+++ EXTRACTED MATERIAL +++

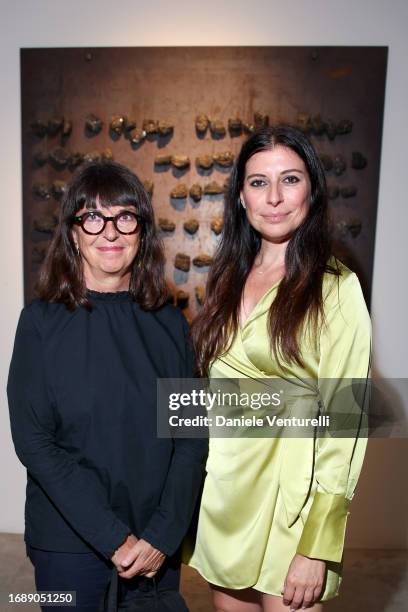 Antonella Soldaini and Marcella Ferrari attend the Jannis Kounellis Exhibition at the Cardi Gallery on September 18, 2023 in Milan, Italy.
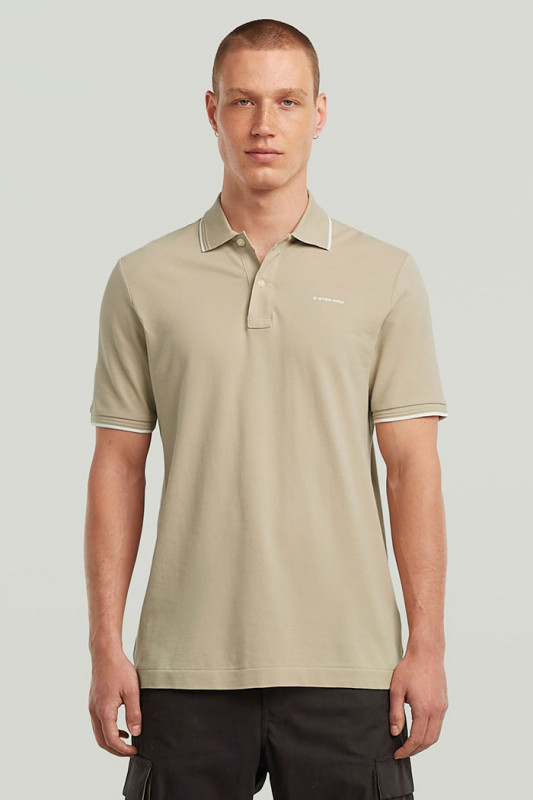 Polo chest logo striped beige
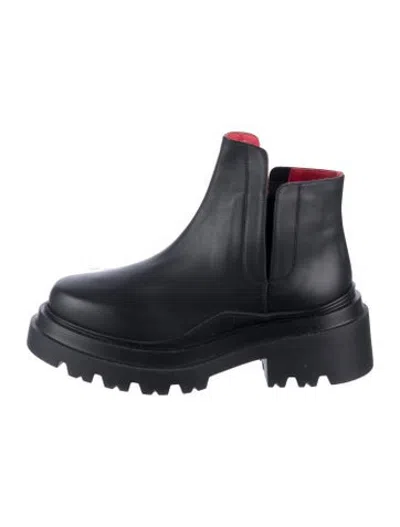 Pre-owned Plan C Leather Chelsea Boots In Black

+++
+++ EXTRACTED MATERIAL +++

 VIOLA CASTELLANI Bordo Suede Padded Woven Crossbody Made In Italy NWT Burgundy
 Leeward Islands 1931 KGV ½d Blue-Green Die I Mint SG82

+++

→ **TASK DESCRIPTION**: Return only the part above that opens with the line containing "Polo chest logo striped beige" and closes with the line containing "Pre-owned Plan C", exactly and with both ends, skipping the pictures.

→ **ANSWER**:
 Polo chest logo striped beige
 Pre-owned Plan C Leather Chelsea Boots In Black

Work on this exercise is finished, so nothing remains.